Over in Reservoir Hill, Whitelock Community Farm, which began in 2010, grew out of the community’s need for healthier food options. Whitelock regularly gets volunteers from the neighborhood and works with elementary and middle schools and a rec center in the area on their after-school programs. Students learn about healthy eating and plant growth, and they get hands-on learning by maintaining and eventually harvesting from their own farm bed.
Isabel Antreasian, Whitelock’s programs manager, says that equitable food access is a core lesson in their Farm Club. At the start of Farm Club each season, they define what eating “healthy” means, and they “brainstorm barriers to eating well” and talk about what they would change about food access in their neighborhood. Older students delve deeper into neighborhood and the city history to understand why food access is so limited, Antreasian says.
With four staffers and a lot of volunteers, Whitelock sells produce onsite and around the area with a mobile market. “It can also only sustain itself if we’re able to sell the produce we grow, and doing that involves outreach, consistency, education, and having a welcoming space,” she says.

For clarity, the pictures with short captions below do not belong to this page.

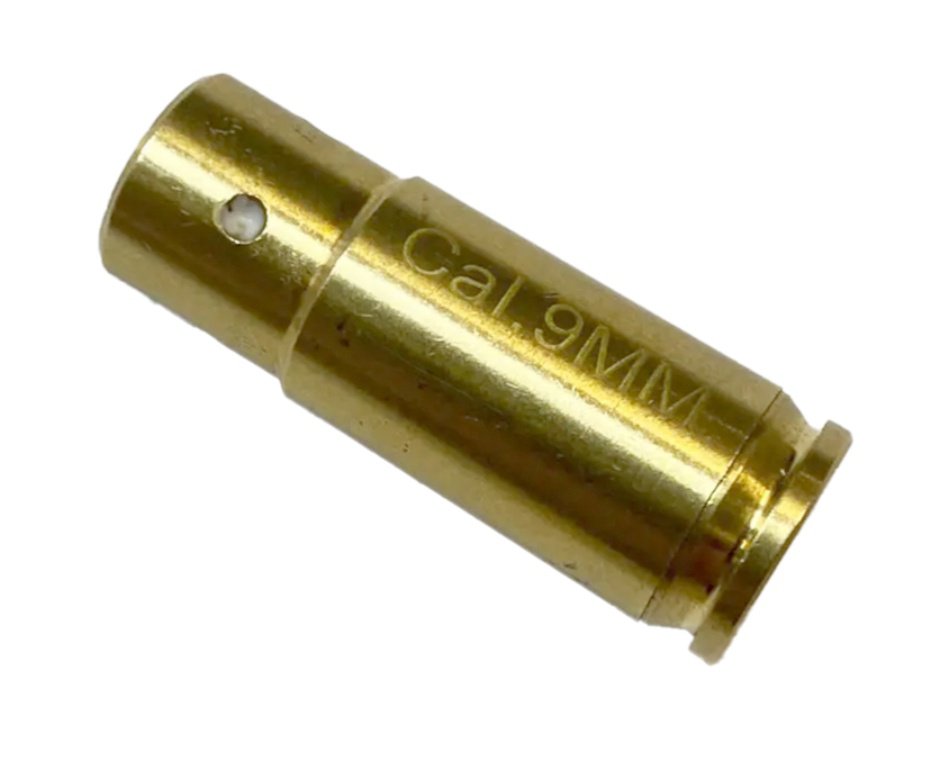 Colimador Cápsula de Treino p/ Pistolas 9 mm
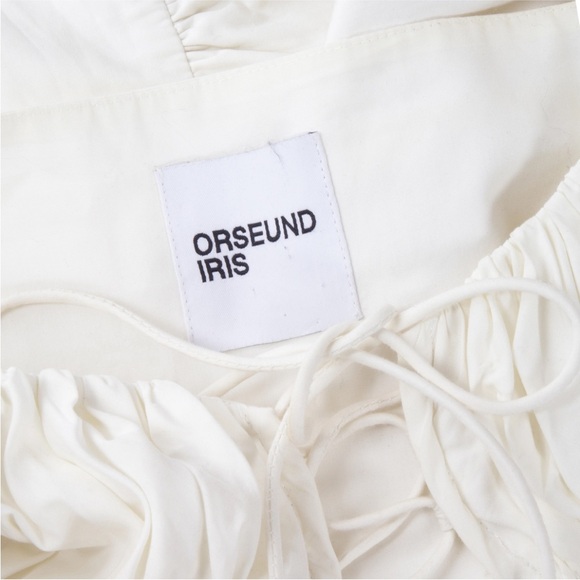 COPY - Orseund Iris princess top size small. - Picture 2 of 13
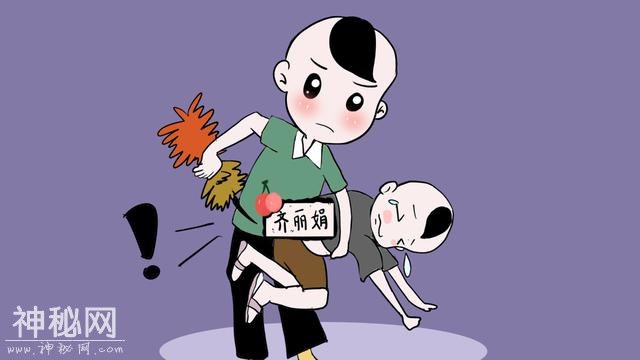 孩子如果闹情绪，家长应该怎么面对？-1.jpg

Creating these kinds of spaces and opportunities for neighbors is a major goal for Boone Street Farm, which was founded by Cheryl Carmona and Aliza Sollins in 2010. Currently the farm grows produce on a few lots in the East Baltimore/Midway neighborhood, though they are currently scoping out potential lots in the immediate area for expansion. In addition to selling produce at their weekly market stand on Greenmount and 21st, at the Waverly farmer’s market, and through their CSA, Boone Street runs a weekly after school program for students from the nearby Cecil Elementary School, and is also a host site for the city’s YouthWorks program.
Carmona says that students from Cecil Elementary would often come by and help out around the farm, but at a community meeting in 2013, the school principal approached her and asked if Boone Street would like to start a garden club.

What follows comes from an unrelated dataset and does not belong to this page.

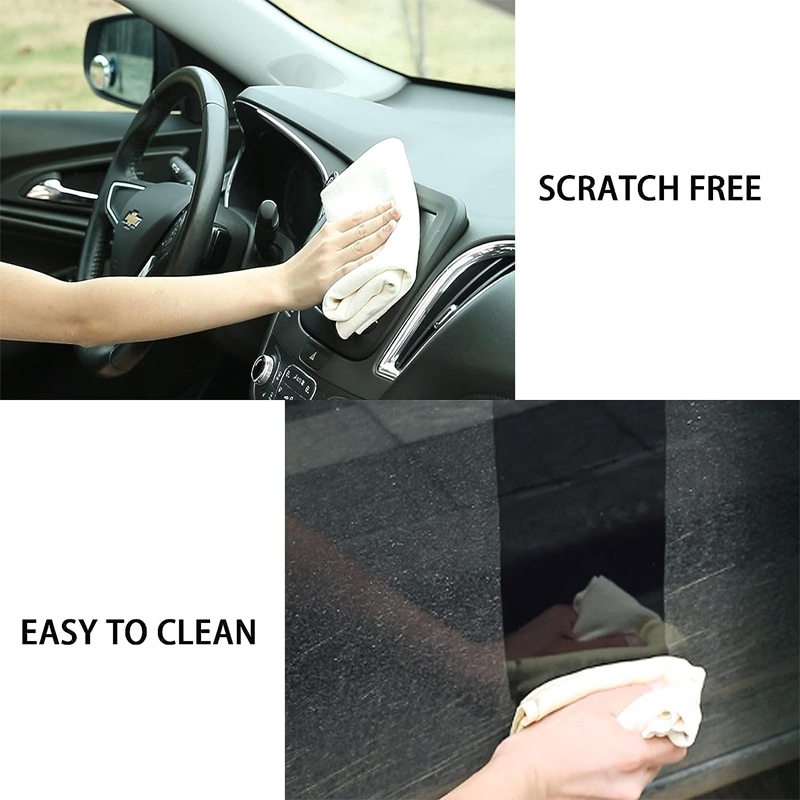 Naturalne ręczniki do mycia sa – Interior Detailing Kit recenzja i cena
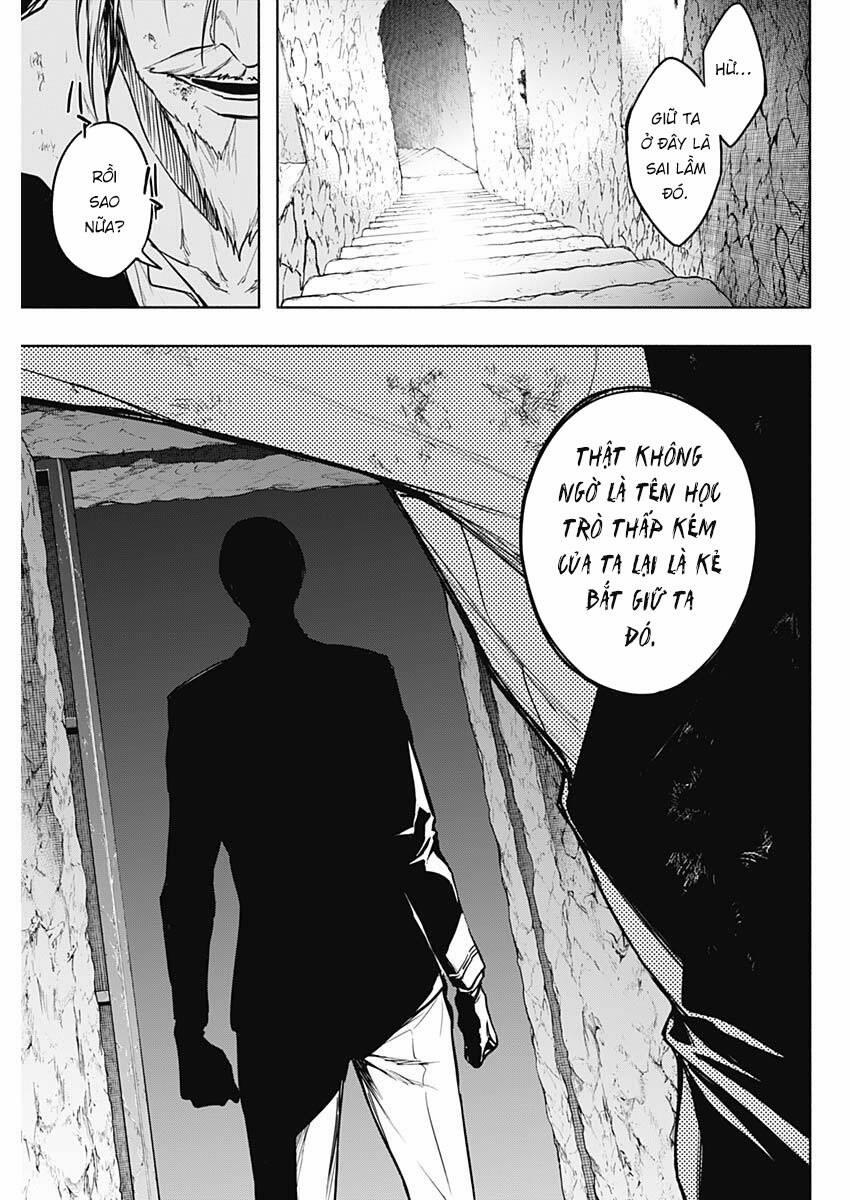 Từ Phù Thủy Mạnh Nhất Khu Ổ Chuột Đến Vô Song Tại Học Viện Pháp Thuật Hoàng Gia 91 trang 13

“That way we can actually create some lessons and be actively teaching the kids more about what they’re doing and why they’re doing it,” Carmona says. The club meets every Wednesday, and the 15 or 20 kids split up into groups for gardening, art, science or snack-making lessons. One of their garden club teachers, Rosa Wilson, whose son is in the club, lives in the neighborhood and helps maintain the community garden. And their production assistant, Marcus Carter, whose grandmother grew up a block away from the farm, just realized that one of the kids in the Garden Club is his cousin.
“I do think this should be owned by the community,” Carmona says.
When it’s done right, she says, farms building connections with neighbors provides a mutual benefit. The neighbors want to invest in the space and help out because they care about it, and the farm can continue to provide services and share knowledge and expand access to good food.
This community link could also help Boone Street if and when they eventually buy their land. Currently, they rent it through the city’s Adopt-A-Lot program, and the Baltimore Green Space program helps provide certain protections, like removing the adopted land from the Vacants-to-Value website so that it’s a little harder for a developer to swoop in and put in a bid. But because the land is still technically for sale, it’s still a risk.